Global Courant
LOS ANGELES — You could call her the Mother of Father’s Day.
The late Sonora Smart Dodd launched the celebration of fathers in 1910 in her hometown of Spokane, Washington. As a result, she’s the one responsible for the annual gifts that run the gamut from embarrassingly silly ties to child finger paintings that are so lovingly crafted by those tiny hands that they can bring tears to even the most. stoic father.
It’s a tradition Dodd decided to start when she sat in a church in Spokane on Mother’s Day 1909 listening to a sermon on – what else? – Mothers Day.
“And it bothered her,” Dodd’s great-granddaughter, Betsy Roddy, told The Associated Press in 2017. “She thought, ‘Why isn’t there Father’s Day?’
After all, Dodd and her five younger brothers had been raised by their father after their mother died in childbirth in 1898.
William Jackson Smart became a farmer after fighting in the Civil War. He not only fulfilled both parental roles, but did so with “leadership and love,” his daughter used to say, and she thought he should get some credit.
“So she worked tirelessly with the local clergy and got the YWCA on board, and they had their first Father’s Day in Spokane in 1910,” Roddy said, showing a copy of The River Press of Fort Benton, Montana, which reported did of the event. .
While that story predicted next year’s celebration would take place nationwide, Father’s Day was slow to take off. So much so that Dodd spent the next 62 years lobbying everyone from presidents to retailers for support.
Finally, in 1972, President Richard Nixon declared the third Sunday in June a federal holiday honoring fathers. Dodd, who died in 1978 at the age of 96, had lived to see her dream come true.
A Renaissance woman, the Mother of Father’s Day was a painter, poet and businesswoman, ran a funeral parlor with her husband while raising the couple’s only son, a father-to-be named Jack.
“I’m very proud of that renegade spirit she clearly had,” says Roddy, director of marketing for a large Los Angeles company.

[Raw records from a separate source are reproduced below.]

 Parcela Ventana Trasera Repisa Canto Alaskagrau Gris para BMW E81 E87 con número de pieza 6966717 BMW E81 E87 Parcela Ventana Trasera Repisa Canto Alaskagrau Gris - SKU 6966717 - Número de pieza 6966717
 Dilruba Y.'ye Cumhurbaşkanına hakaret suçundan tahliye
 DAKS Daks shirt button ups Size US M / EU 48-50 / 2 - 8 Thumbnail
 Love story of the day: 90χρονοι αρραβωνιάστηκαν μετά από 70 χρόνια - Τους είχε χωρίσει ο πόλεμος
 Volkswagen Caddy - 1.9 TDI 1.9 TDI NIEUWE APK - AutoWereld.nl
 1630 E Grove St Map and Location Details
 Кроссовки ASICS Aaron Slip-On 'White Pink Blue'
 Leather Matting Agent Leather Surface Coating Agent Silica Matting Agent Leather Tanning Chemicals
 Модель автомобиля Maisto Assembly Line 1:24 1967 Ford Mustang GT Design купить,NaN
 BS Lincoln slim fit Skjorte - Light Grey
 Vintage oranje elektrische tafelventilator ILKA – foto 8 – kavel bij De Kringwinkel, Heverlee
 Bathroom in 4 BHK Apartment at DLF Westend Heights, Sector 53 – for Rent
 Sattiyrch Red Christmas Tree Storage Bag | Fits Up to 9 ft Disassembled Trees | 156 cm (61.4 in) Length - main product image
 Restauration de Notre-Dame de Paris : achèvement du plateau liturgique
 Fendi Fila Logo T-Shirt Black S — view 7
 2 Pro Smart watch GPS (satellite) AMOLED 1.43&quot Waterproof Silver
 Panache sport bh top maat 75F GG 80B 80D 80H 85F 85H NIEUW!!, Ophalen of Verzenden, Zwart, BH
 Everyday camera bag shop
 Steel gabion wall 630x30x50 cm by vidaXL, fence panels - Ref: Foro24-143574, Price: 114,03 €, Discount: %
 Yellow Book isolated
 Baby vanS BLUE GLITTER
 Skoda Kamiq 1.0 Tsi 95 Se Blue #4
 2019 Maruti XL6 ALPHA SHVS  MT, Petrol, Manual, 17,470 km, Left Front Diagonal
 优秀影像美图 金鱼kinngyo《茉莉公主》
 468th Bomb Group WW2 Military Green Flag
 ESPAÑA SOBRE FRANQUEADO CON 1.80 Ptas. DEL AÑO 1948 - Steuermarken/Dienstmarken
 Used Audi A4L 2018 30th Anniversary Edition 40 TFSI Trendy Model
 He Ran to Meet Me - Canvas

Dodd’s great-granddaughter herself inherited something of that spirit. She grew up in Washington, DC and received a bachelor’s degree in English from Penn State before spending several years backpacking in Europe between her studies at Vienna’s Webster University, where she earned a master’s degree in international business.
She moved to Los Angeles decades ago, found her niche in marketing and stayed. She eventually moved into a Craftsman-style home on the west side of town, where she lives with her two dogs.
The only child of an only child and recently widowed after 24 years of marriage, Roddy never had children of his own. That not only gives her the title of Father’s Day great-granddaughter, but also ensures that she is the last direct descendant of the holiday’s creator.
Although she has always been well aware of that legacy, she has never spoken about it publicly until now.
She became more involved after MyHeritage.com, the company that helps people trace family history, asked if she knew her family’s story.
When she found out she did, MyHeritage unearthed historical documents about Dodd that Roddy says even she and her mother didn’t know existed. They consider eventually turning over some of their artifacts to a museum.
As a child, Roddy said, she loved her great-grandmother very much, visiting her every year and cherishing the poems, books and notes she gave her, including one welcoming her to the world the year she was born. She still keeps it, in pristine condition, in a small box in her home.
But as a child, Roddy says, she largely took Father’s Day for granted, wrapping up the lavish celebration, including the special card for her great-grandmother, was just something her family did. Even as an adult, she’s generally kept quiet about being the ultimate Father’s Day insider, leaving it to her mom to spread the word.
But no more.
“It’s time for me to pick up the baton and wear it with pride,” she says with a smile. “I am the last direct descendant. The legacy is here, that’s an honor.”